Ирина Николаева. Вас многое связывает с МХАТом?
— Шестиклассником я проник во МХАТ благодаря своему двоюродному брату. И первый спектакль был “Три сестры”. Я тогда еще имена актеров не знал, но, как мне кажется, это были Тарасова, Еланская и Степанова. И спектакль меня потряс. Теперь думаю, это именно от того потрясения у меня в пьесах и прекрасные, и одинокие, и несчастливые. А когда чеховские сестры восклицают: “Только бы знать, как будет, как чудно будет через сто лет!”, я думаю: если бы они узнали…
А в “Вишневом саде” Гаева играл Качалов, он играл наивного, беспомощного человека, но с поэзией в сердце, глубоко спрятанной, которая прорывалась наружу и трогала людей, хотя внешне роль была забавная, смешная, такой забавный, смешной, многоуважаемый шкаф.
…Чехов, у которого мы учились.

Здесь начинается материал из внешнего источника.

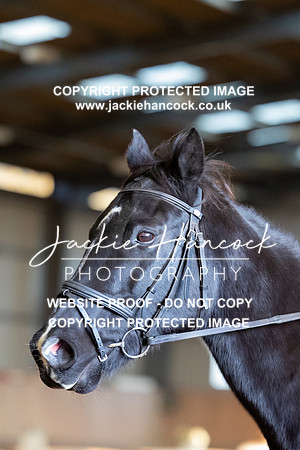 JHP_3528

Но у него герои пили чай и незаметно погибали, а у нас герои пили чай и незаметно процветали. Было еще одно потрясение, давным-давно, в тридцатые годы. “У врат царства”, спектакль по пьесе Гамсуна, по сути своей такой ницшеанский, в какой-то степени профашистский. У нас идеи философа, которого играл Качалов, перевели так, что они получились прокоммунистическими: якобы герой исповедует идеи коммунизма, и за это его забирают. Когда за Качаловым пришли жандармы, он шел, засовывая рукописи за пазуху желтой своей курточки, и почему-то он мне напомнил снегиря или голубя, такой беззащитный, как птица, идет на жертву, на смерть, и это мне помнится до сих пор. И на вечере его не упоминали, забыли Качалова, а он был первым символом интеллигентного, духовного и беспомощного в жизни человека.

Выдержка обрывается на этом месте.